A behavioural dataset for studying individual differences in language skills 2019

DOI

This resource contains data from 112 Dutch adults (18-29 years of age) who completed the Individual Differences in Language Skills test battery that included 33 behavioural tests assessing language skills and domain-general cognitive skills likely involved in language tasks. The battery included tests measuring linguistic experience (e.g. vocabulary size, prescriptive grammar knowledge), general cognitive skills (e.g. working memory, non-verbal intelligence) and linguistic processing skills (word production/comprehension, sentence production/comprehension).
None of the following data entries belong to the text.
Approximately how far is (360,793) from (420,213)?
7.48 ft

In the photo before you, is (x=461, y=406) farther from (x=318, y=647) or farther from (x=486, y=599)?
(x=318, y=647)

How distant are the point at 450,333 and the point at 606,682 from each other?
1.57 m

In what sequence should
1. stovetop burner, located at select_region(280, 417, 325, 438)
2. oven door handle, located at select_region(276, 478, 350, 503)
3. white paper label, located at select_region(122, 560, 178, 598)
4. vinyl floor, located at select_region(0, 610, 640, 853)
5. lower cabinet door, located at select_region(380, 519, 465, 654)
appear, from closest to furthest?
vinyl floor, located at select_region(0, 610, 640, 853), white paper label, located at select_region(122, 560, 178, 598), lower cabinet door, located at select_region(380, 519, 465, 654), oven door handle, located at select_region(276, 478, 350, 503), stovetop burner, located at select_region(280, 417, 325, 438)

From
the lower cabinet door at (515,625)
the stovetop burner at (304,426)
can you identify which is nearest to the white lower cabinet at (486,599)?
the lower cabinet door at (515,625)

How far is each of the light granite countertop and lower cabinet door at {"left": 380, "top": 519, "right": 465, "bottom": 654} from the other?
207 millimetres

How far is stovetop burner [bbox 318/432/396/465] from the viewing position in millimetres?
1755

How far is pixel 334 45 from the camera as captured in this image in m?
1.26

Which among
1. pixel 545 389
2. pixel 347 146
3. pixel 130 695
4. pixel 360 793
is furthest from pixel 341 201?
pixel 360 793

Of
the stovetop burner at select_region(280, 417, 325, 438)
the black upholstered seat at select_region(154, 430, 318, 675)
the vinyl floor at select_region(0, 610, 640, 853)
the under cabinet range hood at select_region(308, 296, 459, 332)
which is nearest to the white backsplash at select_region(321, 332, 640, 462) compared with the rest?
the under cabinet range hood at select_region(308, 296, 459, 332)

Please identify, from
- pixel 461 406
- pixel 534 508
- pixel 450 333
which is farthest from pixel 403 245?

Testing was done in a lab-based setting resulting in high quality data due to tight monitoring of the experimental protocol and to the use of software and hardware that were optimized for behavioural testing. Each participant completed the battery twice (i.e., two test days of four hours each). Raw data from all tests on both days as well as pre-processed data are provided.Investigations of the psychological, social and biological foundations of human speech and language have largely ignored individual differences in the normal range of abilities. For decades, experimental research in this field has almost exclusively involved college students. In addition, most research has aimed to characterise the average performance of this limited pool of participants. Given such a narrow focus on average performance of college students, hardly anything is known about individual differences in language skills within this group, or among adult speakers and listeners more generally. The long-term goal of the Big Question 4 project is to characterise the variability in language skills in large demographically representative samples of young adults and chart the neurobiological and genetic underpinnings of the behavioural variability.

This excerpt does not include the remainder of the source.